● **WHAT TO WORK ON**:
Here the job is to transcribe the data verbatim while leaving each picture out.

● **DATASET EXTRACT**:

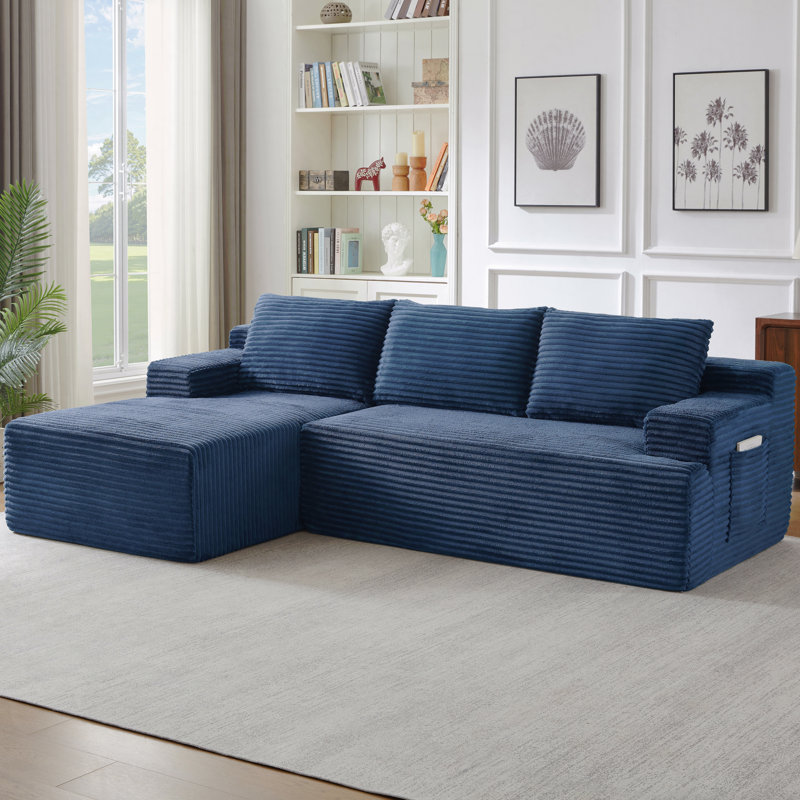 Canapé modulaire en L avec siège profond, sans assemblage requis, canapé modulaire pour salon, chambre à coucher, appartement, bleu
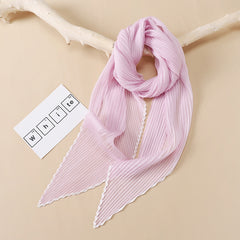Pleated Skinny Scarf Gauze Ribbon Neckerchief Boho Twilly Scarf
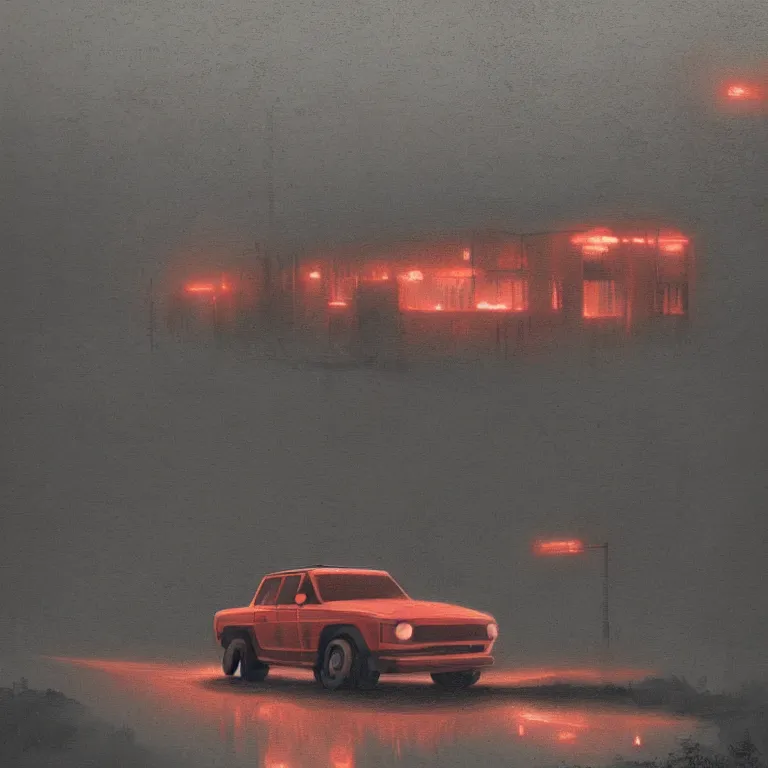 Prompt: Beautiful ultradetailed illustration of a Red race car by Simon Stalenhag, in a brutalist yet rural landscape by Simon Stalenhag, 35mm film photography, wallpaper 4k, dawn, eerie fog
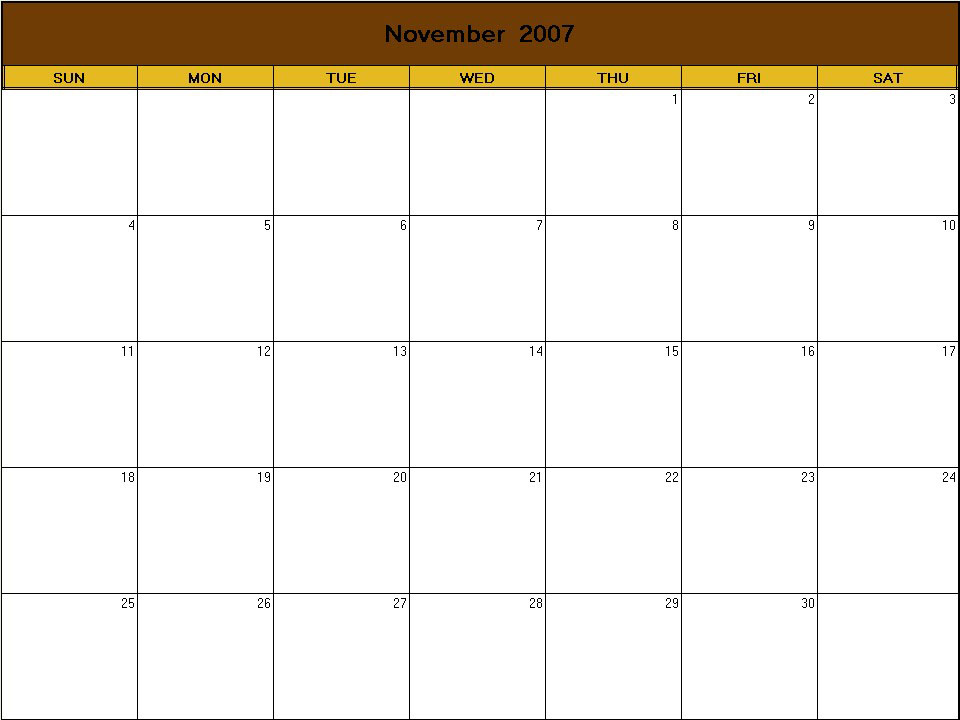 printable blank calendar image for Thanksgiving 2007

● **RESPONSE TO THIS TASK**:
 Canapé modulaire en L avec siège profond, sans assemblage requis, canapé modulaire pour salon, chambre à coucher, appartement, bleu
Pleated Skinny Scarf Gauze Ribbon Neckerchief Boho Twilly Scarf
 Prompt: Beautiful ultradetailed illustration of a Red race car by Simon Stalenhag, in a brutalist yet rural landscape by Simon Stalenhag, 35mm film photography, wallpaper 4k, dawn, eerie fog
 printable blank calendar image for Thanksgiving 2007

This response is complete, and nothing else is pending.